Rather than command-and-control, we need flexible structures and sophisticated information systems to support work processes that fit the tasks and strategy. More agile, cross-functional structures accompanied by easy access to the right information at the right moment create the capacity to meet shifting demands quickly.


After nearly a year of thinking, reading, and writing accompanied by nearly a decade of hands-on experience, the path to closing the strategy-execution gap has flushed itself out in the steps below. If you and your organization want to Get Shit Done, you must be able and willing to check off and "own" each item.


1. Build and maintain high employee engagement levels demonstrated around ownership of Who, What, and When. Explain the Why.

2. Establish ownership in the organization.
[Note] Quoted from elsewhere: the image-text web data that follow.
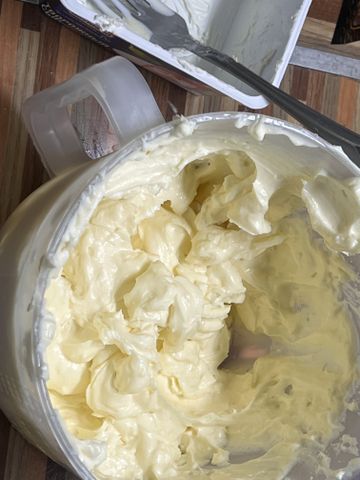 15 рецептов восхитительных кремов для торта - Лайфхакер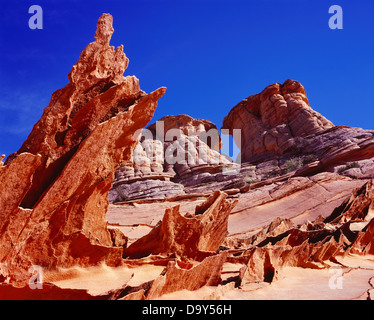 Hauchdünne Lamellen, die Wind erodiert Navajo Sandstein mit Navajo-Sandstein über Paria Canyon-Vermilion Cliffs Wilderness Utah knolls Stockfoto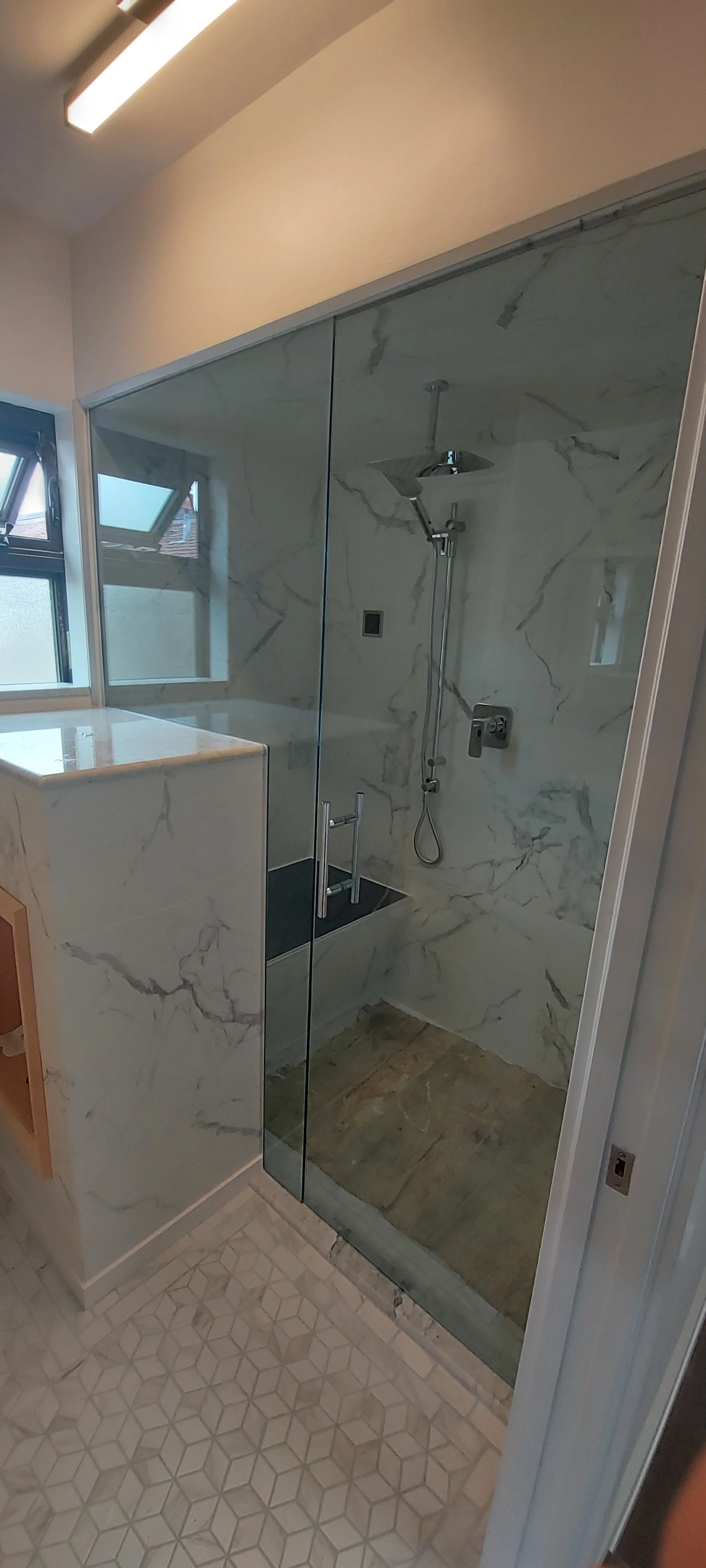 Crystal Glass Shower Enclosures Victoria BC81.jpg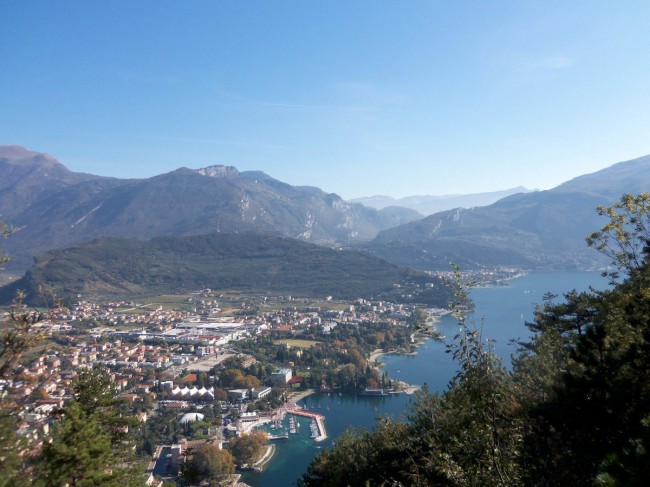 Riva del Garda, jezero Lago di Garda,Chiesetta di Santa Barbara, Bastione, Arco, Lago di Garda, Itálie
Hire the right people, trust them, and compensate them for aligning them with the organization's goals.

3. Demand high levels of professionalism by encouraging a disciplined structure of personal development, growth, and learning. Through deliberate practice, encourage others to develop grit and tenacity to persevere against challenging goals. Continuous learning is a must.

4. Set Expectations of Excellence to create and maintain an environment where full accountability and excellence are the norms. A highly skilled workforce with a focus on a continuous improvement mindset will beat a centralized command-and-control policy. Build Accountability Chains to increase accountability—reward excellence.

5. Ingrain a Sense of Urgency. Define what the real priorities are and get people are resources pointed in the right direction.

6. Acknowledge tradeoffs are required between resources. An organization must be deliberate in choosing what to do and not do. Avoid unrealistic expectations.

7. Separate strategy-execution into two categories; the Big What and Little Whats. To prepare for achieving large and complex goals, individuals and teams obtain experience leading projects and improving work in their teams, departments, and functions.

8. Avoid static planning methodologies and embrace decentralization to allow those closest to the work to build the best solutions.

9. Set clear expectations and avoid assumptions.

10. Track and measure progress against realistic goals that have clear owners.

11. Incorporate design thinking into the Who, What, and When. Systemize and automate where possible to free time for value-added work. Remove friction wherever possible.

12. Foster excellent communication demonstrated by candor, feedback, alignment, and frequent check-ins. Be mindful in determining how we communicate to increase speed, increase accountability, and avoid confusion.

13. Build a unique and robust culture manifested through Ways of Working.

14. Minimize distractions and embrace simplicity. Focus on what matters and minimize what doesn't with the Pareto Principle.

15. Encourage individuals to learn and think like leaders and to act accordingly. Encourage creativity and innovation to build systems and processes that e. Being forward-looking, prepared, and proactive are valuable characteristics. Build leadership at all levels.

16. Execute, assess, iterate. Repeat.